The guy on the dock sounds upset. “No fishing from the jetty!” he yells across the marina to our small band of trespassers, as we hunt out a spot to cast at the headwaters of Chesapeake Bay. Claes Claesson, a Swedish celebrity chef and fishing-lure designer, turns toward me with a grin, “I think he means we can fish the other side of the jetty.”
Claesson, who’s something of a Scandinavian cross between Bear Grylls and Anthony Bourdain, is here from Stockholm for his first shot at striped bass. Though he has a charter trip scheduled for tomorrow morning, he wanted to try his luck off the jetty this evening, with some of his hand-poured custom baits. “He will be okay,” Claesson says of the wound-up local. He then casts out of sight, into a dirty weed line near the shore.
Here in Maryland, Claesson is just another anonymous, inked-up trespassing fisherman. But in Stockholm, he can’t walk down the street without someone shouting, “Claes!” and stopping him for a selfie. In 2016, he starred in a Discovery Networks show that aired in Sweden, in which he made custom lures with celebrities, then took them fishing. “And we fucking killed it and ate it,” he says of the fish. You don’t see a lot of that on European TV.
On the show, Claesson also got philosophical—on life, family, sobriety. His national celebrity skyrocketed. Soon, he was hosting the Swedish version of Kitchen Nightmares. “Fishing in Sweden is a religion,” he explains. “There are 10 million Swedes. Two million fish five times a year or more.”
Claesson hasn’t made much of a name for himself stateside yet, but that looks primed to change—at least among die-hard anglers. His tackle company, Svartzonker, has already won over hardcore musky and pike fishermen. Moreover, he recently worked with the apparel company Grundens to design a Gore-Tex-based sportfishing line, and Abu Garcia, maker of all things fishing, just released a new signature series of muskie and pike baits that he designed. And this summer, a documentary that follows Claesson and some buddies muskie fishing in the northern Midwest and Canada will air on primetime in Sweden, then go live globally on YouTube. The footage, he says, “is epic, dude.”
The jetty didn’t pan out. The next morning, on the deck of a 52-foot custom sportfishing boat, Captain Steve Dunn warns that the bite has been slow on open water, too. Claesson doesn’t seem concerned. He came equipped with one of his McRubber Shads, a relatively drab-looking plastic bait compared with the umbrella rigs with neon purple teasers that Captain Dunn has ready. Later, Captain Dunn discreetly says of the McRubber Shad, “That little thing ain’t gonna catch shit.”

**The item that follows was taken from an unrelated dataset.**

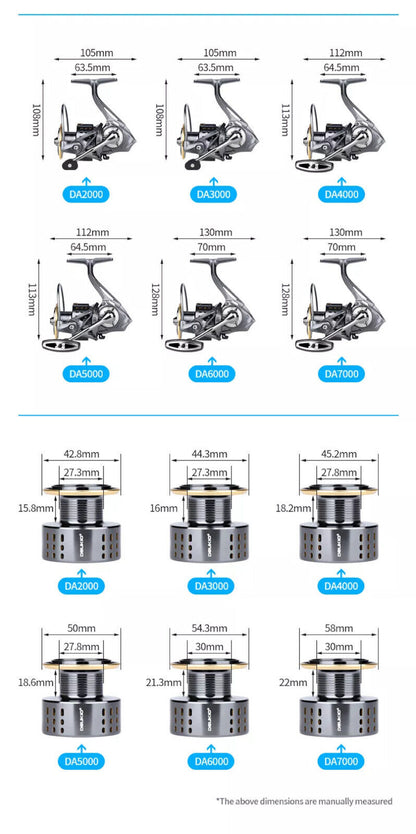 Precision Spinning Fishing Reel 5.2:1 Metal Spool Freshwater Saltwater Right/Left Hand | DEUKIO DA2000–DA7000 | Heavy Duty, High Drag, Smooth Casting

Once out to sea, Claesson finds a spot near the stern and looks out over the 20 lines we’re trolling. He took an unlikely path to becoming a chef, much less a fishing nut and a tackle maker. As a kid, he fished with his grandfather some. But when he was 16, “the dark side took over,” he says. He spent his 20s in the Stockholm restaurant scene, drinking hard, drugging, getting inked with punk-rock tattoos. In January 2000, he blacked out for a week, went to rehab, relapsed, got back on the wagon, and relapsed again.
Then one day, while driving from work, he spotted a fisherman on a canal bank in the middle of Stockholm, cranking in a giant salmon. Claesson told himself, “This is what I need to do.” He embedded in the local salmon scene, and soon found himself spending every free minute going to 12-step meetings or to fish. He’s been sober ever since.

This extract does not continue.